**Records for this exercise:**
((

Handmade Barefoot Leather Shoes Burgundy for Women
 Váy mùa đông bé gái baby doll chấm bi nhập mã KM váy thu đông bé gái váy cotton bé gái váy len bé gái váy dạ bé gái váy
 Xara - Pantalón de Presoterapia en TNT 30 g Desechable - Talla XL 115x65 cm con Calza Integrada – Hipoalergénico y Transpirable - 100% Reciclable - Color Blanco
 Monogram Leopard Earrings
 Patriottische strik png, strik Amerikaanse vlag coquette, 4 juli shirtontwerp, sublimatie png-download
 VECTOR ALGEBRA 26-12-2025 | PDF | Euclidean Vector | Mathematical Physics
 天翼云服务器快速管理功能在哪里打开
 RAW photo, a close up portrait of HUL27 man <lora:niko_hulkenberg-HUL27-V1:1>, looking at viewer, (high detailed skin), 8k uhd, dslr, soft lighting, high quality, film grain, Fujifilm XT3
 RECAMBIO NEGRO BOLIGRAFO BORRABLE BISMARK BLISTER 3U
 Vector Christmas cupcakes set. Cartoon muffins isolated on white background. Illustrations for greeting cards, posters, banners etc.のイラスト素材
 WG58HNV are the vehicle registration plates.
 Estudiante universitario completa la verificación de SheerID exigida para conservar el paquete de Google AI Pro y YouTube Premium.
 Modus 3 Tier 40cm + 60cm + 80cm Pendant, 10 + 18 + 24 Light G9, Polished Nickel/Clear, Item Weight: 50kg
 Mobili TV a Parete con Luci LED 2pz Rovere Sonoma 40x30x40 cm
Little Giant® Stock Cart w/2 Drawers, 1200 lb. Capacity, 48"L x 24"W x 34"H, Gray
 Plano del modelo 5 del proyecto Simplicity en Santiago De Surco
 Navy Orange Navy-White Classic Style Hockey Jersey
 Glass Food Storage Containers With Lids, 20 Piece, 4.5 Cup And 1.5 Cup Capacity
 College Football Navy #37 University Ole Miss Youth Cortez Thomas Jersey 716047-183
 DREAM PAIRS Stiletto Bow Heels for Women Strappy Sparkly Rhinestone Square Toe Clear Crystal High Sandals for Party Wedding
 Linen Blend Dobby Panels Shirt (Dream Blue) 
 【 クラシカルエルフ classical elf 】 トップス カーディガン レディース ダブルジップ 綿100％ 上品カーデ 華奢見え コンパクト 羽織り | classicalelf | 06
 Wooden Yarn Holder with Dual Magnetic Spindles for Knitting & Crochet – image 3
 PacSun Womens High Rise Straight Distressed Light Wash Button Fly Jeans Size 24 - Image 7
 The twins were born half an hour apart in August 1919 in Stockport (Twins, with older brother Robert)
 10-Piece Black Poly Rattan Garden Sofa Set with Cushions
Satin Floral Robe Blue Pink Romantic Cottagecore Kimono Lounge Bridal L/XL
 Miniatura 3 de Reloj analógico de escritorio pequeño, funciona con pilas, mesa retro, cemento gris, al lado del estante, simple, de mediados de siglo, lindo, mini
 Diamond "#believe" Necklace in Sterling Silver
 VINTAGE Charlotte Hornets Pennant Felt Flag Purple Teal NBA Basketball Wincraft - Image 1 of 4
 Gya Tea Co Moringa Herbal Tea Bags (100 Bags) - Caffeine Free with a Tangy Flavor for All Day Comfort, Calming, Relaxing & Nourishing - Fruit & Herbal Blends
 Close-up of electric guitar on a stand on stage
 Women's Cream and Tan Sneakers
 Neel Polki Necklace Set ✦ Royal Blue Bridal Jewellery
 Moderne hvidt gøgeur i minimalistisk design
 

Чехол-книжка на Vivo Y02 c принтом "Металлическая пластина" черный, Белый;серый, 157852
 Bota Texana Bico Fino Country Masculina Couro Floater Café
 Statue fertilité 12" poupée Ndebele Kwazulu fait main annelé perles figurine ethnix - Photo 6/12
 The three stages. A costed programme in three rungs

))

**Action item:** Every line from the one containing "Bota Texana Bico" through the last line of the entries above must be output exactly. Leave the rest out.

**Exercise response:**
 Bota Texana Bico Fino Country Masculina Couro Floater Café
 Statue fertilité 12" poupée Ndebele Kwazulu fait main annelé perles figurine ethnix - Photo 6/12
 The three stages. A costed programme in three rungs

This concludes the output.